The analyses of attention weights provide substantial insights into the model’s efficiency. By enlarging target objects within input images, the paper shows that neurons in SKNets adapt their RF sizes dynamically, in alignment with the sizes of target objects. Such behavior indicates that the neurons are collecting multi-scale spatial information dynamically. The authors observe that the importance of kernel selection is more prominent in lower and middle layers of the network. High-level layers exhibit relatively fixed attention patterns independent of the object size, which suggests that the lower layers are crucial for adaptive RF adjustment, while higher layers encode higher-level features.
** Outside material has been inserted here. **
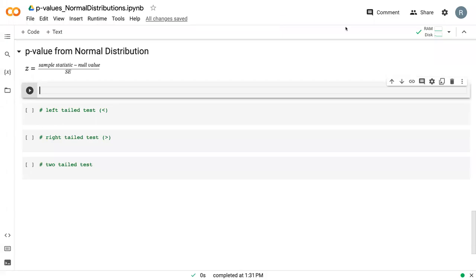All right, we are back in our CoLab file where we're talking about normal distributions. And in this final video, we're going to be talking about how you calculate the p-value from the normal distribution.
Theoretical and Practical Implications

The theoretical implications of this research lie in its novel architectural design inspired by biological neural networks. The paper emphasizes the importance of adaptive receptive fields, a characteristic of biological neurons yet underexploited in artificial neural networks. Practically, the proposed SKNet architecture offers a significant improvement in performance for numerous applications, from large-scale image classification tasks to resource-constrained environments requiring compact models.

Future Directions

Future research can build upon this work by exploring several areas. One potential direction could involve integrating the SK mechanism into other types of neural networks beyond CNNs, such as recurrent neural networks (RNNs) or transformers, to investigate whether adaptive receptive fields can similarly enhance those architectures. Another avenue could explore more sophisticated methods for the Select operator, potentially involving reinforcement learning or even neuro-inspired algorithms to determine the optimal receptive field dynamically. Furthermore, employing SKNets in tasks beyond image recognition, such as object detection, segmentation, or even NLP tasks, could expand the applicability of this adaptive mechanism.

By incorporating adaptive receptive fields, "Selective Kernel Networks" addresses fundamental limitations in existing CNN architectures, yielding models that are both efficient and powerful, providing a meaningful step forward in the design of artificial neural networks. This paper has poised itself as a key contribution, laying the groundwork for more adaptive and biologically inspired neural network architectures.